Data items
======

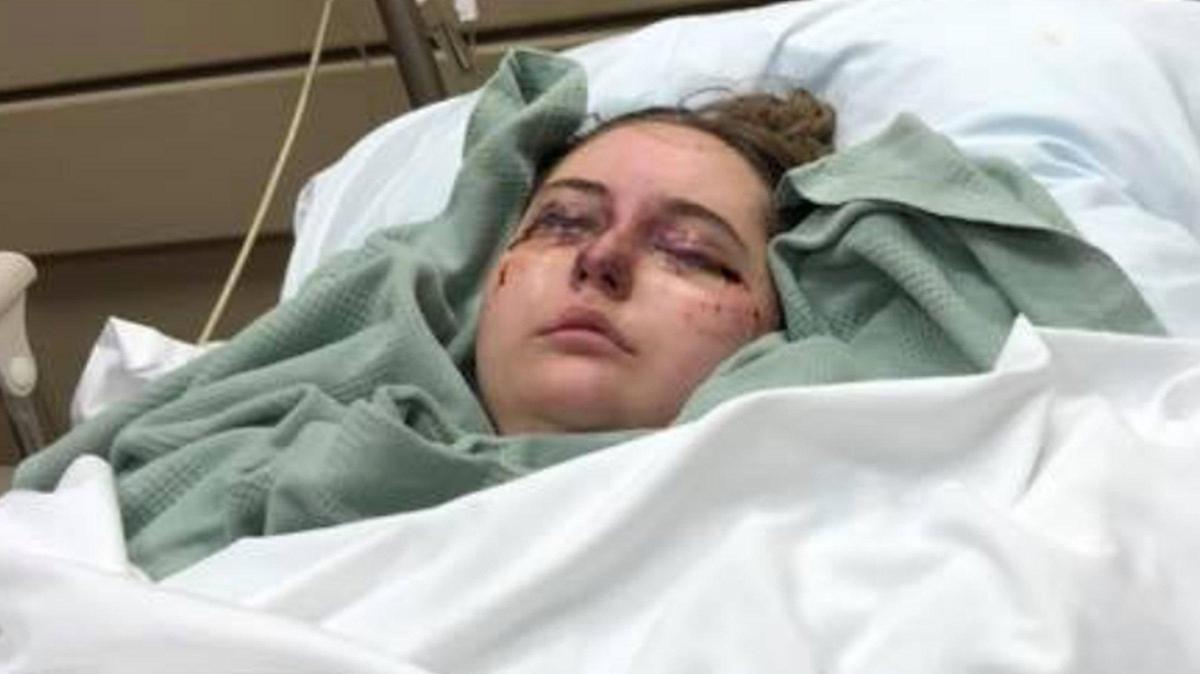 Bleeding from her eyes, Missouri teen’s illness mystifies doctors and captivates world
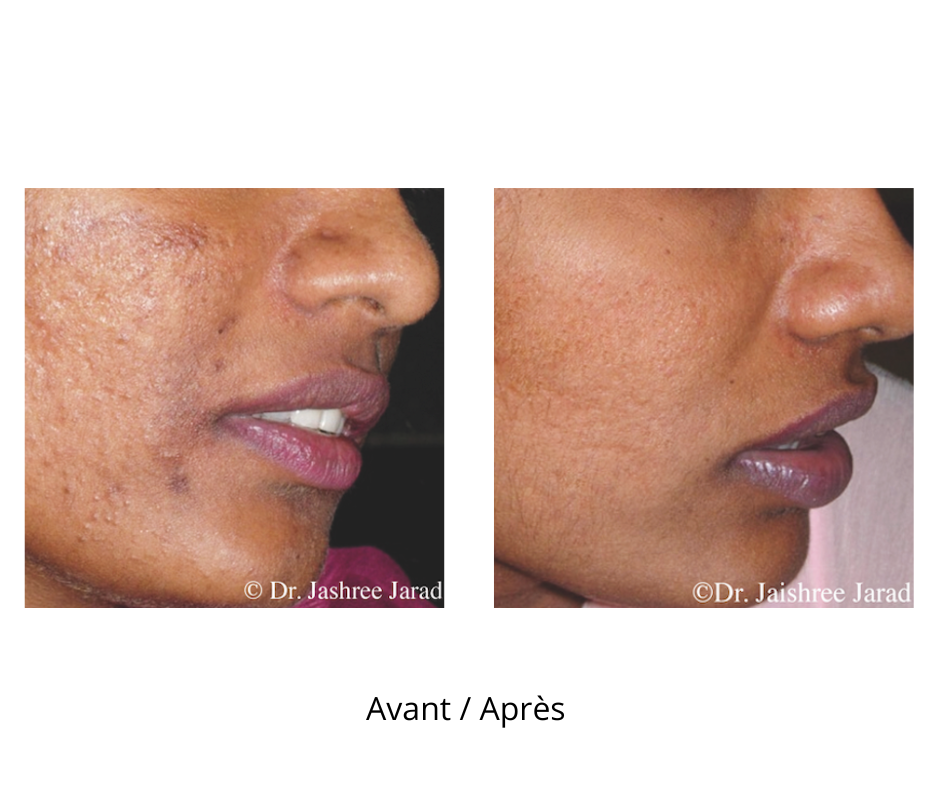 Dermaroller microneedling professionnel 18 rangées d’aiguilles avec profondeur de 2.5 mm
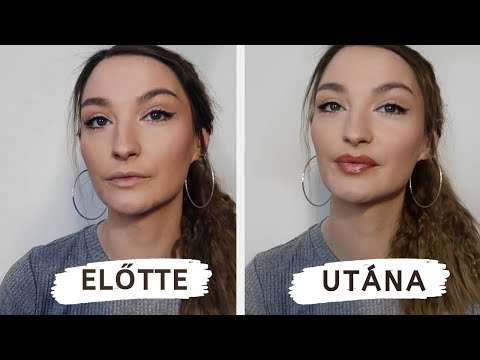 mag citrát fogyni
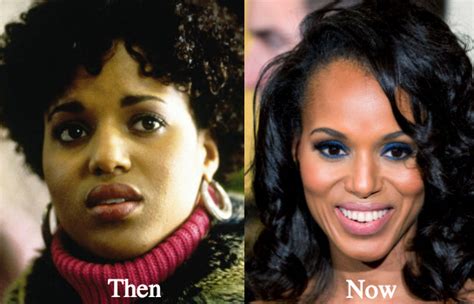 Kerry Washington Plastic Surgery Before And After Photos Latest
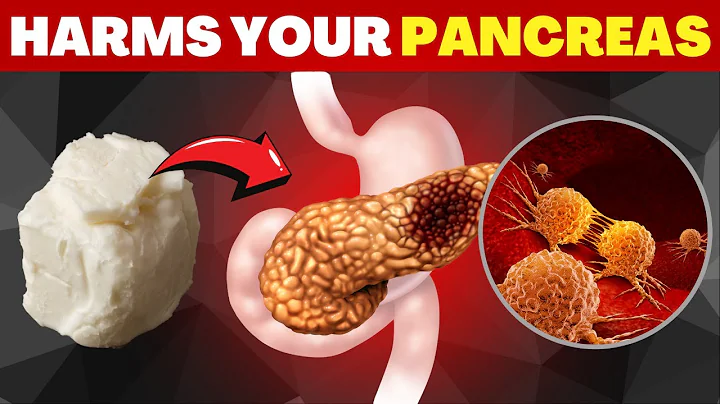 10 Most Dangerous Foods for the Pancreas (Risk of Pancreatic Cancer)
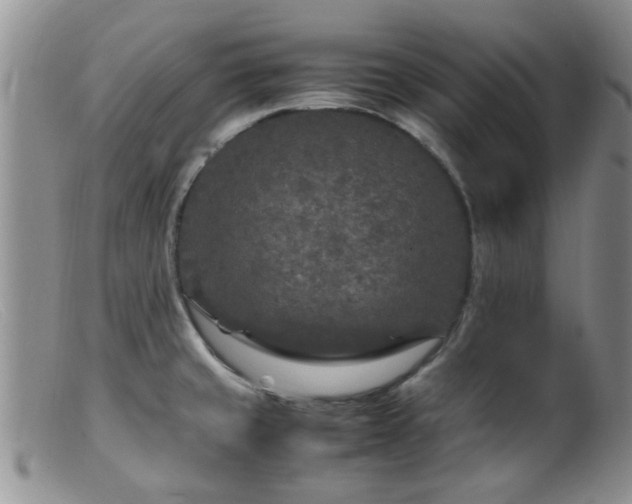 X0000099461429200805161036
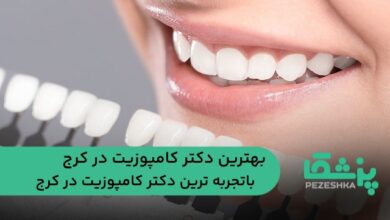 بهترین دکتر کامپوزیت در کرج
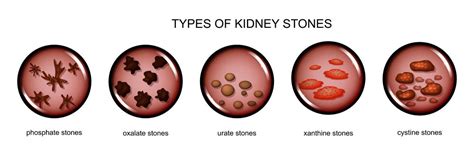 Male Signs of Kidney Stones | STD.GOV Blog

======

Work item.
Word for word, restate all of the entries above and leave each picture out.

Finished task.
 Bleeding from her eyes, Missouri teen’s illness mystifies doctors and captivates world
 Dermaroller microneedling professionnel 18 rangées d’aiguilles avec profondeur de 2.5 mm
 mag citrát fogyni
 Kerry Washington Plastic Surgery Before And After Photos Latest
 10 Most Dangerous Foods for the Pancreas (Risk of Pancreatic Cancer)
 X0000099461429200805161036
 بهترین دکتر کامپوزیت در کرج
 Male Signs of Kidney Stones | STD.GOV Blog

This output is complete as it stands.